# Floating-Point Fused Multiply-Add with Reduced Latency \*

Tomas Lang
Dept. Electrical and Computer Eng.
University of California at Irvine
Irvine CA 92697, USA
tlang@uci.edu

Javier D. Bruguera
Dept. of Electronic and Computer Eng.
University of Santiago de Compostela
15706 Santiago de Compostela, Spain
bruguera@dec.usc.es

#### Abstract

We propose an architecture for the computation of the floating-point multiply-add-fused (MAF) operation  $A+(B\times C)$ . This architecture is based on the combined addition and rounding (using a dual adder) and on the anticipation of the normalization step before the addition. Because the normalization is performed before the addition, it is not possible to overlap the leading-zero-anticipator with the adder. Consequently, to avoid the increase in delay we modify the design of the LZA so that the leading bits of its output are produced first and can be used to begin the normalization. Moreover, parts of the addition are also anticipated.
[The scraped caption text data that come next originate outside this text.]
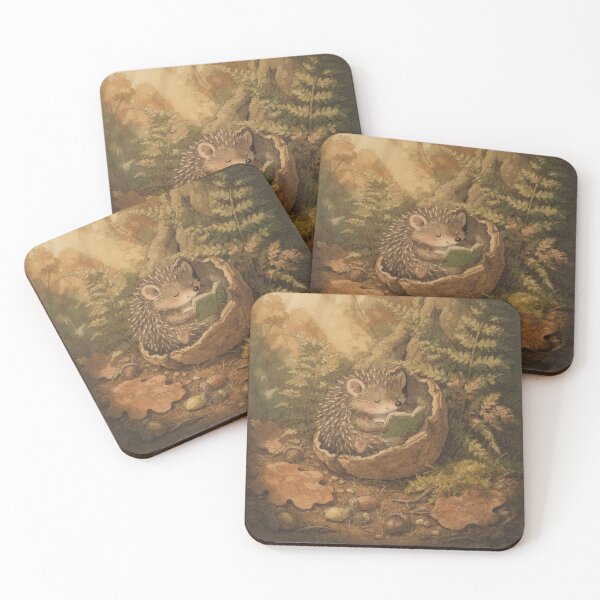 Item preview, Hedgehog Reading in Walnut Shell designed and sold by PictorialWhimsy.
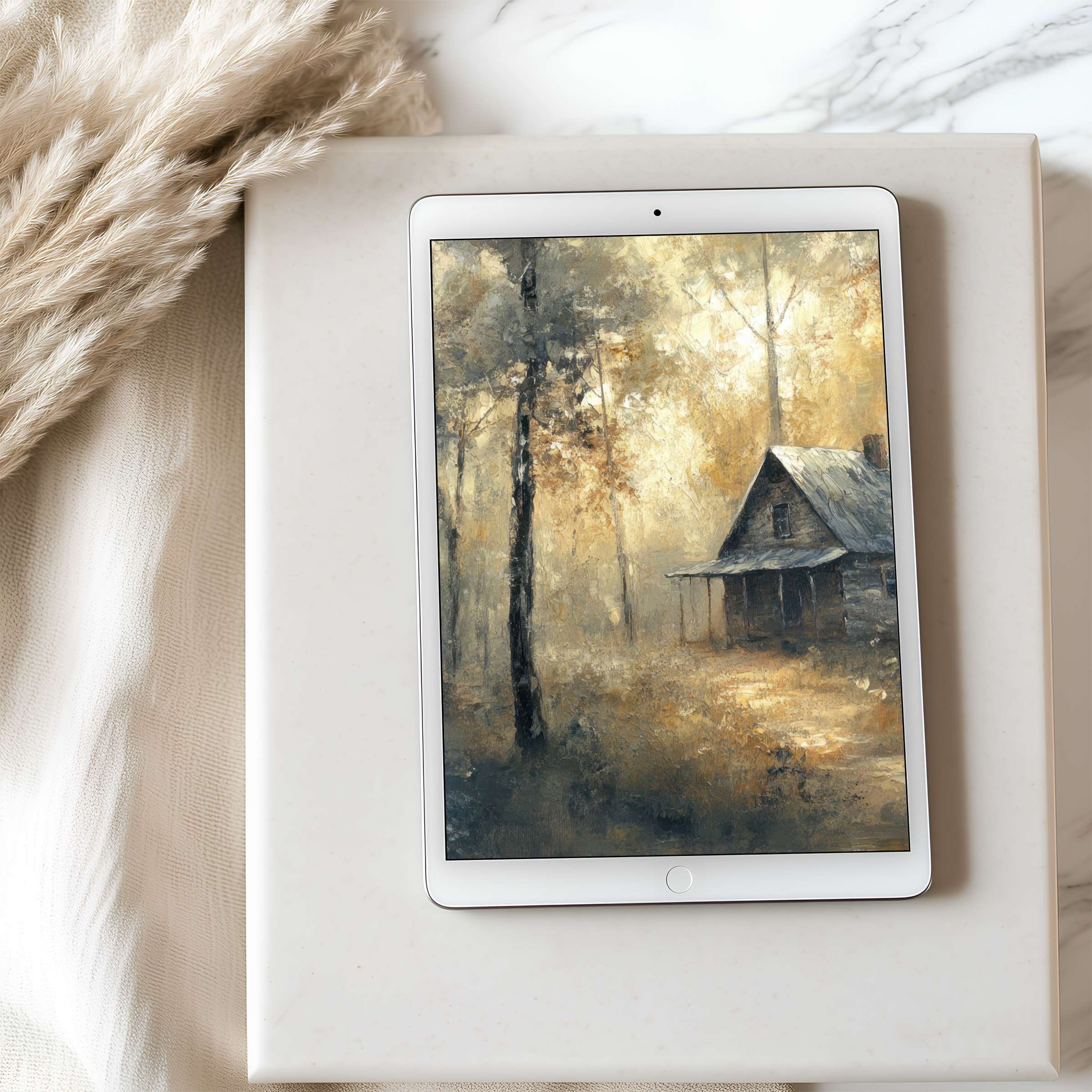 Elegant tablet wallpaper featuring a tranquil forest cabin in warm tones, perfect for high resolution iPad downloads adding serenity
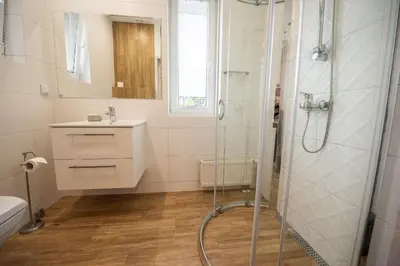 a bathroom with a shower and a sink at SKALNY apartamenty, pokoje in Ogrodzieniec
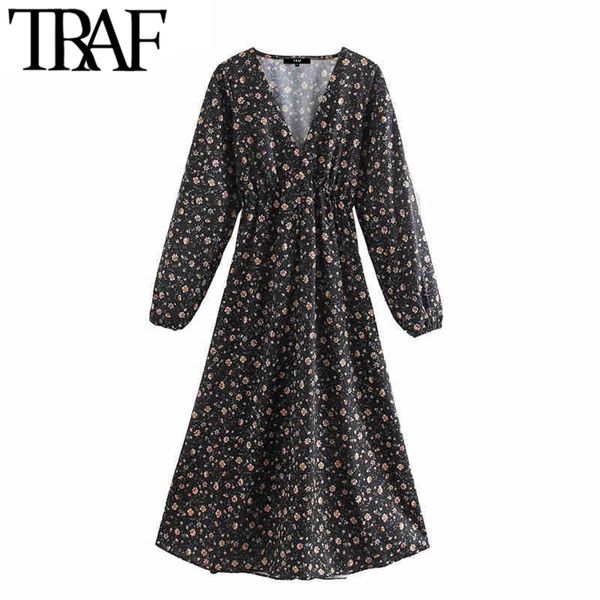 traf women vintage elegant floral print midi dress fashion v neck long sleeve side slit female dresses vestidos mujer 210415, Black;gray
traf women vintage elegant floral print midi dress fashion v neck long sleeve side slit female dresses vestidos mujer 210415, Black;gray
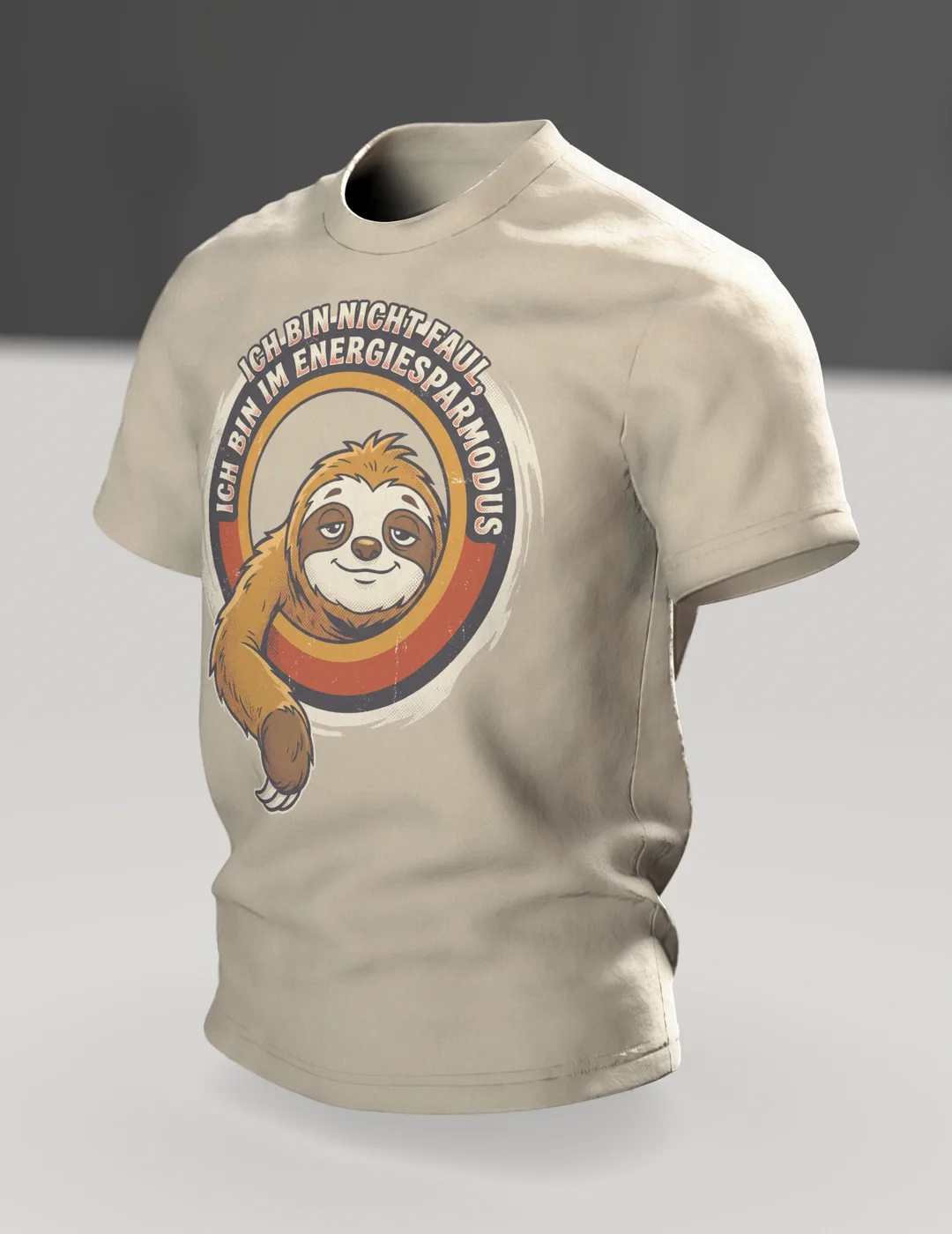 Energiesparmodus Spruch Motiv-Shirt: Witziger Alltags-Humor, Im Raum, schräg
We have estimated the delay of the resulting architecture for double-precision format, considering the load introduced by long connections, and estimate a reduction of about 15% to 20% with respect to traditional implementations of the floating-point MAF unit.

## 1 Introduction

The multiply-add operation is important in many scientific and engineering applications. Recently, the floating-point units of several commercial processors include a floating-point multiply-add-fused (MAF) unit [2, 7, 9], which executes the double-precision multiply-add  $A + (B \times C)$  as a single instruction. This fused implementation has two advantages: (1) the operation is performed with only one rounding instead of two and (2) there is reduction in the delay and hardware required by sharing several components [2].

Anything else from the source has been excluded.